I spent the past week riding swan boats, roller coasters, and horse-drawn carriages. Every time I come back from a vacation, there’s a lot of catching up to do, but I was struck this time around by just how absolutely hopeless it has become to go back and review all the information that piled up while I was gone. I’m pretty sure I’ll be able to answer all the questions from editors who puzzled over my inscrutable articles while I was gone. I’ll probably be able to get back to everyone who have been helping arrange talks for the fall. But I probably won’t be able to wade through all the press releases that showed up, or the tables of contents from new issues of scientific journals. Facebook? Twitter? I’ll just have to pretend the past week never happened. The Internet never takes a vacation, I’m discovering.
This morning I’m updating a few posts on the Loom to take into account a few interesting developments that happened last week:
1. The disappearing news remains disappeared. On July 10, I described how a wretched article about sex seemingly vanished from a newspaper’s archives after blogger/columnist/gadfly Ben Goldacre showed just how wretched it was.
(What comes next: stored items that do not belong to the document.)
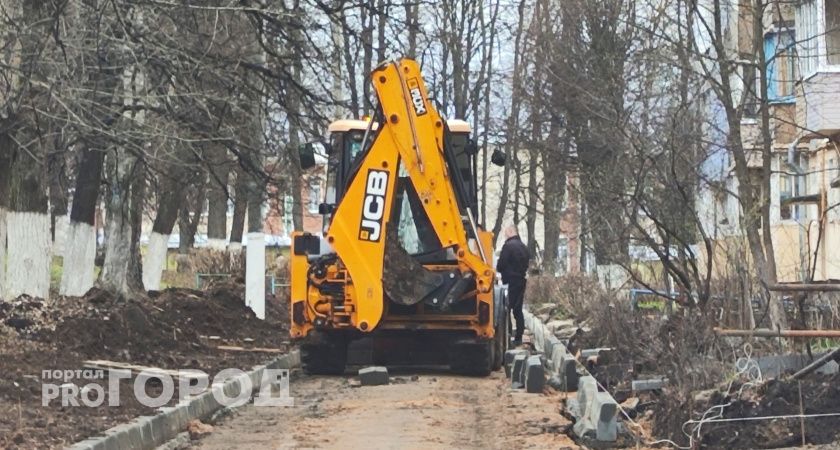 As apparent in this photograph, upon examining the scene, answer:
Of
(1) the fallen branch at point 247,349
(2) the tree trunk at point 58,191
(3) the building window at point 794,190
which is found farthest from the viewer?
(3) the building window at point 794,190

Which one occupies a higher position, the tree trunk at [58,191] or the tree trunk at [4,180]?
the tree trunk at [58,191]

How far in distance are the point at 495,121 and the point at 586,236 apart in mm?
17582

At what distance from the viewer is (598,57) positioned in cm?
2391

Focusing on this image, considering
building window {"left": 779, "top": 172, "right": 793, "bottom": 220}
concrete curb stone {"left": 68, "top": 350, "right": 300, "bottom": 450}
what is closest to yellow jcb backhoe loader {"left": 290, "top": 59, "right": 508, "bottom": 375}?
concrete curb stone {"left": 68, "top": 350, "right": 300, "bottom": 450}

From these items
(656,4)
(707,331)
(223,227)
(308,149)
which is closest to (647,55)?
Result: (656,4)

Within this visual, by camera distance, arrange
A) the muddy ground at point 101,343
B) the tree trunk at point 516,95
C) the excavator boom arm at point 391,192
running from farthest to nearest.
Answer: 1. the tree trunk at point 516,95
2. the excavator boom arm at point 391,192
3. the muddy ground at point 101,343

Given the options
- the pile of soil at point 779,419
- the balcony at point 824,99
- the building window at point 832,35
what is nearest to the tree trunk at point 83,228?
the balcony at point 824,99

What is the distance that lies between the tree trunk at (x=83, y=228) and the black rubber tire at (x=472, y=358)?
7.49m

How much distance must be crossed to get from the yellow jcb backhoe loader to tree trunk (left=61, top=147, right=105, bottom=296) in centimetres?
634

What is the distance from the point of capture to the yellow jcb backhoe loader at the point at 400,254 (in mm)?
14391

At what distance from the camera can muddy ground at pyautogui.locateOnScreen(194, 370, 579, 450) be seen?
972 centimetres

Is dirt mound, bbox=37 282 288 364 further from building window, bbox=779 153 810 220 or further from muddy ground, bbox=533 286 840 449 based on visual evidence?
building window, bbox=779 153 810 220

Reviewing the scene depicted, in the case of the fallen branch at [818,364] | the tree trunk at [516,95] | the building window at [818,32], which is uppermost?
the tree trunk at [516,95]

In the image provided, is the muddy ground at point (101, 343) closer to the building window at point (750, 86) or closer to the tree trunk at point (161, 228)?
the tree trunk at point (161, 228) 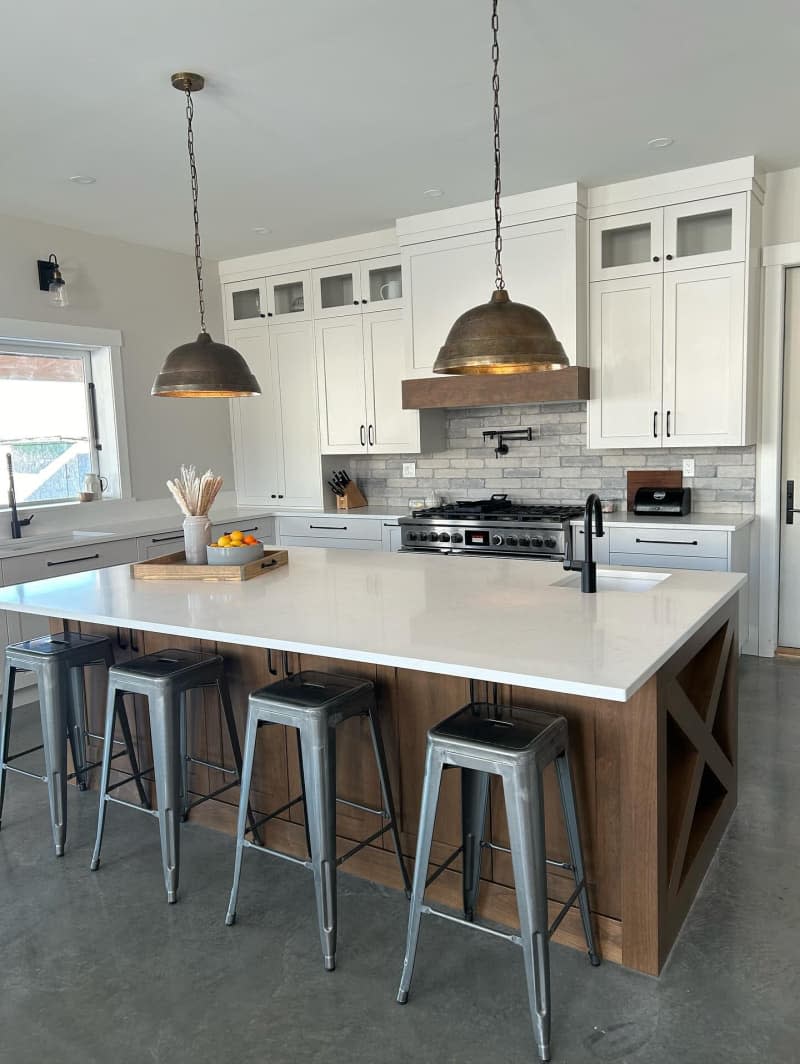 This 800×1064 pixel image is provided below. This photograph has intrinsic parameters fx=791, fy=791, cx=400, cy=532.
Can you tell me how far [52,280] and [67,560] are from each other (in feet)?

Goldacre now tells us that on July 13 the Telegraph published a very odd correction:
Owing to an editing error, our report “Women who dress provocatively more likely to be raped, claim scientists” (June 23) wrongly stated that research presented at the recent BPS conference by Sophia Shaw found that women who drink alcohol are more likely to be raped. In fact, the research found the opposite. We apologise for our error.
Wow. Speaking from my own experience, I can say it’s bad enough to have a newspaper run a correction on an article of mine for a misspelled name or a figure with an extra zero tacked on the end. But turning around the result of a study to its precise opposite–that’s truly embarrassing.
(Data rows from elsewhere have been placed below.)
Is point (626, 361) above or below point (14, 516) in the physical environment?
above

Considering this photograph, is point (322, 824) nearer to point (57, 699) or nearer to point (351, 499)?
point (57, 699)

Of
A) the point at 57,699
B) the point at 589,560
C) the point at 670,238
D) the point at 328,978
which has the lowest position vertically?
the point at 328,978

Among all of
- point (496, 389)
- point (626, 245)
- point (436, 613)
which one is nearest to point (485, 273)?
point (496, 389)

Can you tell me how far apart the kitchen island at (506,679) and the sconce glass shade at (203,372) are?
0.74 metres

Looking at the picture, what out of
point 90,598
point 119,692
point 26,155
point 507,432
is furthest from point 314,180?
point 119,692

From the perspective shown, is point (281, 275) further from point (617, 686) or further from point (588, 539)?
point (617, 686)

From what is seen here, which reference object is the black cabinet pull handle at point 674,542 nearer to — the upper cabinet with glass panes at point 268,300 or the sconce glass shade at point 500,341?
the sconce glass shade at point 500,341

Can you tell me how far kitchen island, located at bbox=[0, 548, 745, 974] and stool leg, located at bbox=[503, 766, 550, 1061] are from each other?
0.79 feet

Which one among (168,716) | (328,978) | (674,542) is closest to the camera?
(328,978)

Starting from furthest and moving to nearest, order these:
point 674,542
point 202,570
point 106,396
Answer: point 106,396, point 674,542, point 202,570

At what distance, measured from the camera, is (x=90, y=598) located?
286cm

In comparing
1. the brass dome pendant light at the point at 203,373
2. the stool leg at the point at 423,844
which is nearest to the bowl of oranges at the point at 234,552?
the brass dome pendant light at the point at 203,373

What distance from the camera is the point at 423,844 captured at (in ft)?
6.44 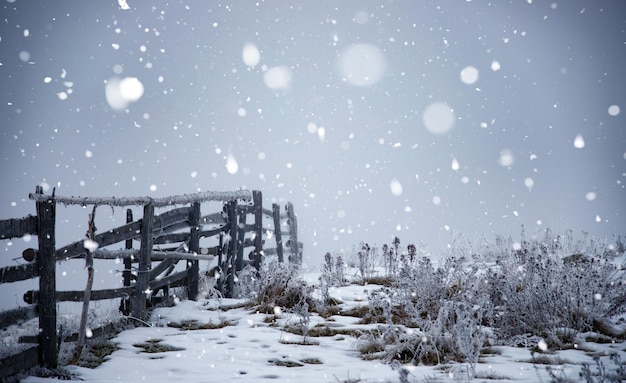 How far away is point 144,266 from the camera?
691 centimetres

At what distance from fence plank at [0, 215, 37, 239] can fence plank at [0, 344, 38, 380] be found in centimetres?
106

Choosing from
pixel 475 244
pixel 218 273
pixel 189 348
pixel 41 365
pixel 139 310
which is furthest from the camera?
pixel 475 244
It is good that the Telegraph posted a correction. It’s odd that it took three weeks for them to do so, though–especially since Goldacre nailed them in the Guardian back on July 4, interviewing Sophie Shaw to show how wrong the article was. I have to agree with Goldacre that the correction, as stark as it is, actually only scratches the surface of all that was wrong with the story. At least, I think it does. I can’t actually read the original article on the Telegraph web site. As I blogged pre-swan-ride, the Telegraph had yanked the story, although they hadn’t yanked the title from its search engine results. (Screen grab) Now you can’t even find the title. So now the newspaper has published a correction to a story that, on the Internet at least, no longer exists.
I think that newspapers should not follow this example if they want to thrive in the 21st century. Newspapers will have to find ways to distinguish themselves from other sources of information online. While they may have to set aside some of the traditional defining features (like ink), there are many things that will translate well into the future. One of them is a clear, reliable paper trail. But to preserve that trail, newspapers will have to resist the urge to hit the delete key.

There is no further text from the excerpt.